Here are my comments on your items.
----------
> From: James D. Keeline <keeline~at~adnc.com>
> To: Jules Verne Forum <jvf~at~math.technion.ac.il>
> Subject: Re: A Modest Proposal
> Date: Wednesday, February 09, 2000 6:51 PM
>
>
> Norm, I have some questions about the scanning/OCR process:
>
> Which programs have the best performance to cost ratio for the
> OCR end of things?
Ans. Everyone has their favorite. some do one thing better than others. I
use Omnipage as that is what I started with. It does have problems of
making rn into m and things like that that are hard to repair. Judith Boss
likes Presto
http://www.newsoftinc.com
All do latin-1 and 8 bit characterss.
>
> Do the programs prefer grayscale or bitmap images for scanning?

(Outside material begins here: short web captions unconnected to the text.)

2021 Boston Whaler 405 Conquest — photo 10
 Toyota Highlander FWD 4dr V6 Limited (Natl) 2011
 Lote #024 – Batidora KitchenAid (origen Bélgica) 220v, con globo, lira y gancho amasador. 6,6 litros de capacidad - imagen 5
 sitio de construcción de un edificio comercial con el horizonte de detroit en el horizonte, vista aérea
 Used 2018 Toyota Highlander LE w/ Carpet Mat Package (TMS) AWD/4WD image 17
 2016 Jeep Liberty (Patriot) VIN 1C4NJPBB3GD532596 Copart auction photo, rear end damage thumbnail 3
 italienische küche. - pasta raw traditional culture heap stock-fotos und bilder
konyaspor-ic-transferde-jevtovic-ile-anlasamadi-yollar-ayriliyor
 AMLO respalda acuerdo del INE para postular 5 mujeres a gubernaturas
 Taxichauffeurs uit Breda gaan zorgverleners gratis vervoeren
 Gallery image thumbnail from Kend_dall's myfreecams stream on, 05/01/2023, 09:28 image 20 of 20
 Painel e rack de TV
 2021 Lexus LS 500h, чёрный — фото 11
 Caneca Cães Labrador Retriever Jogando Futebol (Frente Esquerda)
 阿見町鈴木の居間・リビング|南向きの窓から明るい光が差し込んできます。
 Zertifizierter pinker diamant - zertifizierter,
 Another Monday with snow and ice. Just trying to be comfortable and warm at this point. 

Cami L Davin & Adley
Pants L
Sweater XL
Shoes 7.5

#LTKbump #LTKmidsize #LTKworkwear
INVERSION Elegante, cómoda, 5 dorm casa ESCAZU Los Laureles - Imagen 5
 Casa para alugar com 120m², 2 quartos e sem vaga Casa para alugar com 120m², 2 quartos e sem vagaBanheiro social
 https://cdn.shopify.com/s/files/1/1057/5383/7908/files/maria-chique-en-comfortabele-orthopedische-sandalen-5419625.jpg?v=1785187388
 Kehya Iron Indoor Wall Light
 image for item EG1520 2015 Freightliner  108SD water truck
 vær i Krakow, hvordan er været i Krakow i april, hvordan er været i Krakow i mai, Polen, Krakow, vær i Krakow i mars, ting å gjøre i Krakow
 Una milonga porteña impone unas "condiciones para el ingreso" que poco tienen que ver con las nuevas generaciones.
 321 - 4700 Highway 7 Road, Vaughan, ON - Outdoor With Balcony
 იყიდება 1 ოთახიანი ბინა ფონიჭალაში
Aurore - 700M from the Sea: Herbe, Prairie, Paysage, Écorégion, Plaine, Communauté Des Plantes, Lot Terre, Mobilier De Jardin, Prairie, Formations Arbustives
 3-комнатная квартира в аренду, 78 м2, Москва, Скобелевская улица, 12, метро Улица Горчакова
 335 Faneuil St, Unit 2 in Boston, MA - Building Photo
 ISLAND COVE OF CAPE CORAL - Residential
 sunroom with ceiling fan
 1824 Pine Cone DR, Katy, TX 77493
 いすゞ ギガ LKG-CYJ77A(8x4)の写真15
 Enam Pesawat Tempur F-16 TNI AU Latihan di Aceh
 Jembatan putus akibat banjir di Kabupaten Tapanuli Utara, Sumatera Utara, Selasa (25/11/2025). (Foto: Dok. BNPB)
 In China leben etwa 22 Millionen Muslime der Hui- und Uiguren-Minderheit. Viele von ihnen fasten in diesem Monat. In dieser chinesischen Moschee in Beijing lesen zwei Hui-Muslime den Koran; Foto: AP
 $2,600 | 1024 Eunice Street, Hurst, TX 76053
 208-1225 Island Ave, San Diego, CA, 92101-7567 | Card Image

Ans. Omnipage has a mode to scan in grayscale. It supports TIFF files at
200, 300, or 400 dpi, b/w or gray scale. A 300 dpi grayscale image is
several megabytes per page, so grayscale is used mainy internally. Better
recognition is obtained with grayscale. I performed some tests on a double
page of a heavily foxed book. The results were 20 errors at 300 dpi b/w;
10 errors at 400 dpi b/w; 10 errors at 300 dpi greyscale; 4 errors at 400
dpi greyscale. At 400 dpi and greyscale there were fewer noise and
punctuation errors, which are harder to correct than spelling, which is
fixed with a spell checker. The size of greyscale files (5 and 8 megs for
300/400 dpi) precludes their use except at a scanning station. But
comparable results are obtained at 400 dpi b/w which might be recommended
for heavily foxed books.
When Omnipage saves its scanned images they are black and white, 300 dpi.
>
> Is it better to adjust the images for a very white page and very
> black text?
Ans. You have to be careful about specks etc becoming false characters.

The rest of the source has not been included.